Assignment -
Could you return the entire listing below exactly as written?

Data to examine -

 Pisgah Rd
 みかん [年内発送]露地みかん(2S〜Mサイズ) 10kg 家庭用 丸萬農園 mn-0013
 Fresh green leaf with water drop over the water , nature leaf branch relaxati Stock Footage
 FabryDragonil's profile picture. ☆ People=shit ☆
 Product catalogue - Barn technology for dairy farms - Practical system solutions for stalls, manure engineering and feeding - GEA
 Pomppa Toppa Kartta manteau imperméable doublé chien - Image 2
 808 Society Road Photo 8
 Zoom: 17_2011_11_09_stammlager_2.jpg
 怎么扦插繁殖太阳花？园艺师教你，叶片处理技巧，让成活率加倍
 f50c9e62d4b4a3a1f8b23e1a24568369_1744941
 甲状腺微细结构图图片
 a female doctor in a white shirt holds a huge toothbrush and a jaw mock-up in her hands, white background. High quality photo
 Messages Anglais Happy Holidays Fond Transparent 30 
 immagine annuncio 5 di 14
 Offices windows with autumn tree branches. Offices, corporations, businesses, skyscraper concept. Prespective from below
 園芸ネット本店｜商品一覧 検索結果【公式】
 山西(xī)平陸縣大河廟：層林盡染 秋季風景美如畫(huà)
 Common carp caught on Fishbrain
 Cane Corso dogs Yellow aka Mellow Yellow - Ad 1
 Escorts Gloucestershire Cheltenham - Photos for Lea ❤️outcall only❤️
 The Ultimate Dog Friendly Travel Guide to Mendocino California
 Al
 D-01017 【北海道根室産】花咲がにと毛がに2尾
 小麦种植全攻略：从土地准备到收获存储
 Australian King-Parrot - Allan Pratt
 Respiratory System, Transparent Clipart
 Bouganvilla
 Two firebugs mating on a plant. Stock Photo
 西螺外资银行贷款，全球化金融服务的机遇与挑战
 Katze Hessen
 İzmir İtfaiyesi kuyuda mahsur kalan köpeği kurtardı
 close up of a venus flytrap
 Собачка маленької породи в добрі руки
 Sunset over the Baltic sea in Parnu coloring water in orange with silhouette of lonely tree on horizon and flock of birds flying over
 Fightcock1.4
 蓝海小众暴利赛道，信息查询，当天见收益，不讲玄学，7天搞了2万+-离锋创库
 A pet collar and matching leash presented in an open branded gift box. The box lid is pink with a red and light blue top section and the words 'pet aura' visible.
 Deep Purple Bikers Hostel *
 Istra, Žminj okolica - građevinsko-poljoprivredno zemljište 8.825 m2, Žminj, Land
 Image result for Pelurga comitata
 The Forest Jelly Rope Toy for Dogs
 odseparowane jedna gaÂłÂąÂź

Exercise result -
 Pisgah Rd
 みかん [年内発送]露地みかん(2S〜Mサイズ) 10kg 家庭用 丸萬農園 mn-0013
 Fresh green leaf with water drop over the water , nature leaf branch relaxati Stock Footage
 FabryDragonil's profile picture. ☆ People=shit ☆
 Product catalogue - Barn technology for dairy farms - Practical system solutions for stalls, manure engineering and feeding - GEA
 Pomppa Toppa Kartta manteau imperméable doublé chien - Image 2
 808 Society Road Photo 8
 Zoom: 17_2011_11_09_stammlager_2.jpg
 怎么扦插繁殖太阳花？园艺师教你，叶片处理技巧，让成活率加倍
 f50c9e62d4b4a3a1f8b23e1a24568369_1744941
 甲状腺微细结构图图片
 a female doctor in a white shirt holds a huge toothbrush and a jaw mock-up in her hands, white background. High quality photo
 Messages Anglais Happy Holidays Fond Transparent 30 
 immagine annuncio 5 di 14
 Offices windows with autumn tree branches. Offices, corporations, businesses, skyscraper concept. Prespective from below
 園芸ネット本店｜商品一覧 検索結果【公式】
 山西(xī)平陸縣大河廟：層林盡染 秋季風景美如畫(huà)
 Common carp caught on Fishbrain
 Cane Corso dogs Yellow aka Mellow Yellow - Ad 1
 Escorts Gloucestershire Cheltenham - Photos for Lea ❤️outcall only❤️
 The Ultimate Dog Friendly Travel Guide to Mendocino California
 Al
 D-01017 【北海道根室産】花咲がにと毛がに2尾
 小麦种植全攻略：从土地准备到收获存储
 Australian King-Parrot - Allan Pratt
 Respiratory System, Transparent Clipart
 Bouganvilla
 Two firebugs mating on a plant. Stock Photo
 西螺外资银行贷款，全球化金融服务的机遇与挑战
 Katze Hessen
 İzmir İtfaiyesi kuyuda mahsur kalan köpeği kurtardı
 close up of a venus flytrap
 Собачка маленької породи в добрі руки
 Sunset over the Baltic sea in Parnu coloring water in orange with silhouette of lonely tree on horizon and flock of birds flying over
 Fightcock1.4
 蓝海小众暴利赛道，信息查询，当天见收益，不讲玄学，7天搞了2万+-离锋创库
 A pet collar and matching leash presented in an open branded gift box. The box lid is pink with a red and light blue top section and the words 'pet aura' visible.
 Deep Purple Bikers Hostel *
 Istra, Žminj okolica - građevinsko-poljoprivredno zemljište 8.825 m2, Žminj, Land
 Image result for Pelurga comitata
 The Forest Jelly Rope Toy for Dogs
 odseparowane jedna gaÂłÂąÂź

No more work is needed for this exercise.